WWI was not an example of Just War Theory in action, at least not for its principle protagonists, the Great Powers of Europe who went to war for nationalistic reasons, each hoping for a quick victory that would increase their relative power and prestige at the expense of the enemy. Nationalism had helped turn the kingdoms of Europe into modern nation-states, but it also stoked hatred of the "other" (Germans of Russians and the French, the French of the Germans, etc.) and enabled leaders to whip up war enthusiasm by painting the enemy as evil.
I've written this before, but it bears repeating, nationalism is not compatible with Christianity. Patriotism certainly is, if your city, state, or country is lovable, then by all means love it and be proud of it. Nationalism is different. Nationalism is the belief that your people are superior, and thus other peoples are inferior. When it puts down roots and matures, nationalism views the people who are not like us as a sub-human or inhuman "other". This false pride and denigration of other peoples is contrary to the clear teaching of the Gospel that all men are created by God and that in Christ there is no slave or free, no Jew or gentile, all are one in Christ. The British, French, German, Austrian, and Russian soldiers who went to war in 1914 were largely Christians, and yet they fought against their fellow Christians, replacing brotherly love with gruesome killing, because they had been taught that their enemy was not their brother in Christ, but instead a fearsome "other".
WWII saw a reprisal of nationalism, brought to its ugly natural culmination in Nazi Germany, before it was discredited by the deaths of tens of millions in that war. After WWII, nationalism lay dormant during the Cold War, as the battle between Communism and Capitalism took center stage, but following the collapse of the Soviet system, it began to grow once more.
Nationalism is on the rise, in America and Europe, moving us back toward an era of "us not them", of dangerous competition instead of cooperation. Will the world forget the horrors of WWI and WWII? Will the lessons paid for in so much blood and destruction be ignored? A pessimist would see the return of nationalism as a natural counter-balance to the free-market and open-border policies of the recent past, and would resign himself to a return of the dark days of national rivalries. An optimist might see that same return as an opportunity for the nations of the world to show that they are capable of learning from the past, only time will tell if optimism or pessimism is warranted here.

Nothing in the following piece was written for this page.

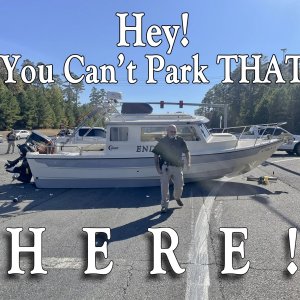a moment of distraction spelled the END followed by weeks of nightmare calls with wrecker, salvage yard, insurance companies) the policeman ironically crops the boat name...
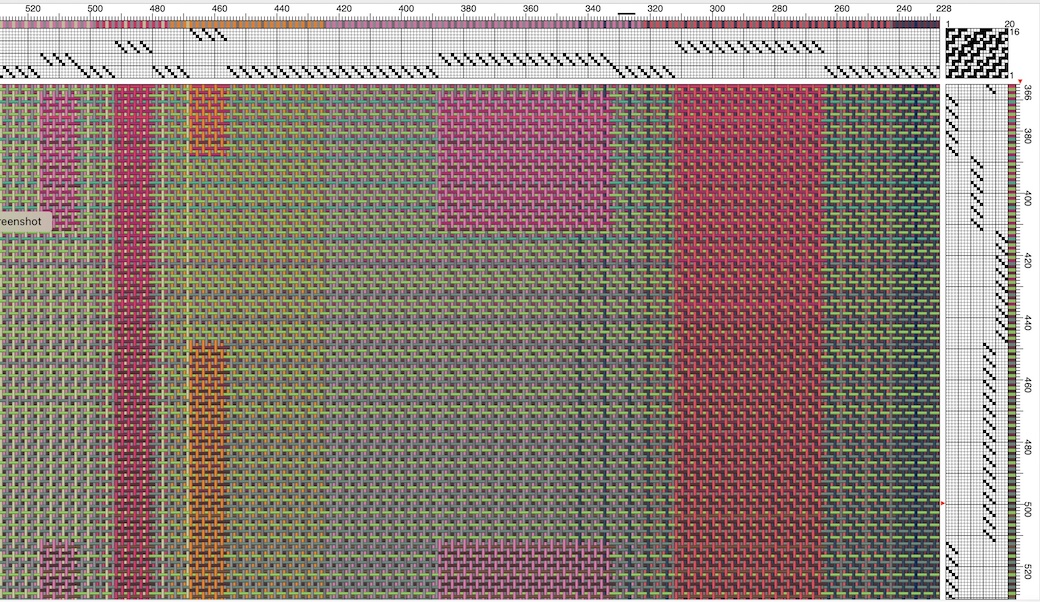 a weaving draft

The Church and Christians in general were fooled by nationalism before, allowing the us vs. them mentality to replace what the Word of God declares about Christian brotherhood and the dangers of pride in oneself and hatred of one's enemies. Let us pray that the Church and the Christians within her will be wise enough this time around to say "no" to the siren's call of nationalism, for all the world's people have but one Father, one Creator, nobody is an "other".